> Instructions to follow:
Retype all of the records precisely.

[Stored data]

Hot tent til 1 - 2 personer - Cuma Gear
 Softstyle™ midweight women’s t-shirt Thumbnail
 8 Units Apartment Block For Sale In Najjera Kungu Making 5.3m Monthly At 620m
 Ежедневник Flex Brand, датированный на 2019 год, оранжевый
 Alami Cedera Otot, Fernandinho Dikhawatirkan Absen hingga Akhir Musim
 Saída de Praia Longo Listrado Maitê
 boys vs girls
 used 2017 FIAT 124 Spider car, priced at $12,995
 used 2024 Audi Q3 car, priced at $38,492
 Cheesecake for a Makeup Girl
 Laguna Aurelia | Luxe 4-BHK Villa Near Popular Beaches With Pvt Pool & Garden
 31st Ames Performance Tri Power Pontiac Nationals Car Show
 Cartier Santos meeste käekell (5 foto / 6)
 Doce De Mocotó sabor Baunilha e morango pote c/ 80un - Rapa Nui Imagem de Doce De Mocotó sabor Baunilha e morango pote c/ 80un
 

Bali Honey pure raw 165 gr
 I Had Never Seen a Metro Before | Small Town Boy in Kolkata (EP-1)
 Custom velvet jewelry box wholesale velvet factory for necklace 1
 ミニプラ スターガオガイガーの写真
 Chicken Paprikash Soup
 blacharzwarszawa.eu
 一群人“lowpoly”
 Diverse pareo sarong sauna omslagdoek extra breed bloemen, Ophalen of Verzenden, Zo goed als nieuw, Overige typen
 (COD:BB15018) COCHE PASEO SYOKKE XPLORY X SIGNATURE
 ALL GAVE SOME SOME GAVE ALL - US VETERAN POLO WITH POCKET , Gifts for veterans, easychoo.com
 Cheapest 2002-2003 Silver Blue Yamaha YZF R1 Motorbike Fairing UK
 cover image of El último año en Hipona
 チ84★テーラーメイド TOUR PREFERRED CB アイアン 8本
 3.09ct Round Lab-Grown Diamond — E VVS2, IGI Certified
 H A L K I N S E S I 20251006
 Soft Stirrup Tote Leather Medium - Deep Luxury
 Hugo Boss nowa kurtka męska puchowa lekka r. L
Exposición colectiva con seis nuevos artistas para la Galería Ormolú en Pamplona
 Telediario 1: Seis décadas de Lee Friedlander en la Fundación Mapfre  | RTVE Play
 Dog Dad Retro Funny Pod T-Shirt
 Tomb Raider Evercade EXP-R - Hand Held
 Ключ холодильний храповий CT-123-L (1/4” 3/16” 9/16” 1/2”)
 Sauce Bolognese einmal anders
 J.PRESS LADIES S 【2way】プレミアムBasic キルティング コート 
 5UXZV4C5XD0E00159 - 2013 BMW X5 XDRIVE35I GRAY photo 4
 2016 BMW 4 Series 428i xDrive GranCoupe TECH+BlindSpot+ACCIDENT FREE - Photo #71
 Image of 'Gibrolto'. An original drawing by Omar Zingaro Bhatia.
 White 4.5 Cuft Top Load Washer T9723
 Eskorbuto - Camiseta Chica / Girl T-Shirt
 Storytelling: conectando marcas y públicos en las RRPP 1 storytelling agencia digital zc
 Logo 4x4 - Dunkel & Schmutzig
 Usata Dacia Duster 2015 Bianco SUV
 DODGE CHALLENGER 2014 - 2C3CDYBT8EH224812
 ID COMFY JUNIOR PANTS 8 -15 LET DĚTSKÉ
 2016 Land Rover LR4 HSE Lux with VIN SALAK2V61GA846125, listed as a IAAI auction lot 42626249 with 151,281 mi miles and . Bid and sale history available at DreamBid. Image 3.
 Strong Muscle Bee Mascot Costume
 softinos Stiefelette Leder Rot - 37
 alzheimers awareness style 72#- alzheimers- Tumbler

> Output below:
Hot tent til 1 - 2 personer - Cuma Gear
 Softstyle™ midweight women’s t-shirt Thumbnail
 8 Units Apartment Block For Sale In Najjera Kungu Making 5.3m Monthly At 620m
 Ежедневник Flex Brand, датированный на 2019 год, оранжевый
 Alami Cedera Otot, Fernandinho Dikhawatirkan Absen hingga Akhir Musim
 Saída de Praia Longo Listrado Maitê
 boys vs girls
 used 2017 FIAT 124 Spider car, priced at $12,995
 used 2024 Audi Q3 car, priced at $38,492
 Cheesecake for a Makeup Girl
 Laguna Aurelia | Luxe 4-BHK Villa Near Popular Beaches With Pvt Pool & Garden
 31st Ames Performance Tri Power Pontiac Nationals Car Show
 Cartier Santos meeste käekell (5 foto / 6)
 Doce De Mocotó sabor Baunilha e morango pote c/ 80un - Rapa Nui Imagem de Doce De Mocotó sabor Baunilha e morango pote c/ 80un
 

Bali Honey pure raw 165 gr
 I Had Never Seen a Metro Before | Small Town Boy in Kolkata (EP-1)
 Custom velvet jewelry box wholesale velvet factory for necklace 1
 ミニプラ スターガオガイガーの写真
 Chicken Paprikash Soup
 blacharzwarszawa.eu
 一群人“lowpoly”
 Diverse pareo sarong sauna omslagdoek extra breed bloemen, Ophalen of Verzenden, Zo goed als nieuw, Overige typen
 (COD:BB15018) COCHE PASEO SYOKKE XPLORY X SIGNATURE
 ALL GAVE SOME SOME GAVE ALL - US VETERAN POLO WITH POCKET , Gifts for veterans, easychoo.com
 Cheapest 2002-2003 Silver Blue Yamaha YZF R1 Motorbike Fairing UK
 cover image of El último año en Hipona
 チ84★テーラーメイド TOUR PREFERRED CB アイアン 8本
 3.09ct Round Lab-Grown Diamond — E VVS2, IGI Certified
 H A L K I N S E S I 20251006
 Soft Stirrup Tote Leather Medium - Deep Luxury
 Hugo Boss nowa kurtka męska puchowa lekka r. L
Exposición colectiva con seis nuevos artistas para la Galería Ormolú en Pamplona
 Telediario 1: Seis décadas de Lee Friedlander en la Fundación Mapfre  | RTVE Play
 Dog Dad Retro Funny Pod T-Shirt
 Tomb Raider Evercade EXP-R - Hand Held
 Ключ холодильний храповий CT-123-L (1/4” 3/16” 9/16” 1/2”)
 Sauce Bolognese einmal anders
 J.PRESS LADIES S 【2way】プレミアムBasic キルティング コート 
 5UXZV4C5XD0E00159 - 2013 BMW X5 XDRIVE35I GRAY photo 4
 2016 BMW 4 Series 428i xDrive GranCoupe TECH+BlindSpot+ACCIDENT FREE - Photo #71
 Image of 'Gibrolto'. An original drawing by Omar Zingaro Bhatia.
 White 4.5 Cuft Top Load Washer T9723
 Eskorbuto - Camiseta Chica / Girl T-Shirt
 Storytelling: conectando marcas y públicos en las RRPP 1 storytelling agencia digital zc
 Logo 4x4 - Dunkel & Schmutzig
 Usata Dacia Duster 2015 Bianco SUV
 DODGE CHALLENGER 2014 - 2C3CDYBT8EH224812
 ID COMFY JUNIOR PANTS 8 -15 LET DĚTSKÉ
 2016 Land Rover LR4 HSE Lux with VIN SALAK2V61GA846125, listed as a IAAI auction lot 42626249 with 151,281 mi miles and . Bid and sale history available at DreamBid. Image 3.
 Strong Muscle Bee Mascot Costume
 softinos Stiefelette Leder Rot - 37
 alzheimers awareness style 72#- alzheimers- Tumbler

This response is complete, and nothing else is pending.